*** Block opens ***

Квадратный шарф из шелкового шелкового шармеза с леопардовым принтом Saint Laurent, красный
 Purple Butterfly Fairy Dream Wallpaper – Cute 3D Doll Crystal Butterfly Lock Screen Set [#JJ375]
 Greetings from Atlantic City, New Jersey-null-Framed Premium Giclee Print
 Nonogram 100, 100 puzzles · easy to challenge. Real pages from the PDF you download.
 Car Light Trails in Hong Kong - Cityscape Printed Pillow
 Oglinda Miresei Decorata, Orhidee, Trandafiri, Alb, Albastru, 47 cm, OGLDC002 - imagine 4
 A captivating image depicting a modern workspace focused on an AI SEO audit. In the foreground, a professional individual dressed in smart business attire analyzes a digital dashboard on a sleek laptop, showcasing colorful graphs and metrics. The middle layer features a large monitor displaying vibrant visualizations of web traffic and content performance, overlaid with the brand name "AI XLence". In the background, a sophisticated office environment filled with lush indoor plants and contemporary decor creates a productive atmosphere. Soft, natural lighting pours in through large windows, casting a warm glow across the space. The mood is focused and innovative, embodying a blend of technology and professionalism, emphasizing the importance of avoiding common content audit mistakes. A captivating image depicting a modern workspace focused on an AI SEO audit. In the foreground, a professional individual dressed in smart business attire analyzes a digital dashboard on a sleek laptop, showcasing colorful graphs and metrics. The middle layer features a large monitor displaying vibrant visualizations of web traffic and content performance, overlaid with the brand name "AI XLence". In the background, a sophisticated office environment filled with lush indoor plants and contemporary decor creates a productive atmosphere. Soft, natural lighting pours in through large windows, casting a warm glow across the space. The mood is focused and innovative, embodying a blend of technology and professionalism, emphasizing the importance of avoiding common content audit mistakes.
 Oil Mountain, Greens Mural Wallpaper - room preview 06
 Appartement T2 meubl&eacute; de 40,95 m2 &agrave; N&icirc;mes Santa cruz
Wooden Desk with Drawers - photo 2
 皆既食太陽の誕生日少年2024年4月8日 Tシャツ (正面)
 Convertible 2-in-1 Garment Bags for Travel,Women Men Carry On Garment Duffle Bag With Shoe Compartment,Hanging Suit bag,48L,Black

*** Block closes ***

> **WHAT TO PRODUCE**:
Could you output exactly the lines from the one containing "Oglinda Miresei Decorata, Orhidee, Trandafiri, Alb, Albastru, 47" to the end of the entries above, both included, and no others?

> **RESPONSE TO THE TASK**:
 Oglinda Miresei Decorata, Orhidee, Trandafiri, Alb, Albastru, 47 cm, OGLDC002 - imagine 4
 A captivating image depicting a modern workspace focused on an AI SEO audit. In the foreground, a professional individual dressed in smart business attire analyzes a digital dashboard on a sleek laptop, showcasing colorful graphs and metrics. The middle layer features a large monitor displaying vibrant visualizations of web traffic and content performance, overlaid with the brand name "AI XLence". In the background, a sophisticated office environment filled with lush indoor plants and contemporary decor creates a productive atmosphere. Soft, natural lighting pours in through large windows, casting a warm glow across the space. The mood is focused and innovative, embodying a blend of technology and professionalism, emphasizing the importance of avoiding common content audit mistakes. A captivating image depicting a modern workspace focused on an AI SEO audit. In the foreground, a professional individual dressed in smart business attire analyzes a digital dashboard on a sleek laptop, showcasing colorful graphs and metrics. The middle layer features a large monitor displaying vibrant visualizations of web traffic and content performance, overlaid with the brand name "AI XLence". In the background, a sophisticated office environment filled with lush indoor plants and contemporary decor creates a productive atmosphere. Soft, natural lighting pours in through large windows, casting a warm glow across the space. The mood is focused and innovative, embodying a blend of technology and professionalism, emphasizing the importance of avoiding common content audit mistakes.
 Oil Mountain, Greens Mural Wallpaper - room preview 06
 Appartement T2 meubl&eacute; de 40,95 m2 &agrave; N&icirc;mes Santa cruz
Wooden Desk with Drawers - photo 2
 皆既食太陽の誕生日少年2024年4月8日 Tシャツ (正面)
 Convertible 2-in-1 Garment Bags for Travel,Women Men Carry On Garment Duffle Bag With Shoe Compartment,Hanging Suit bag,48L,Black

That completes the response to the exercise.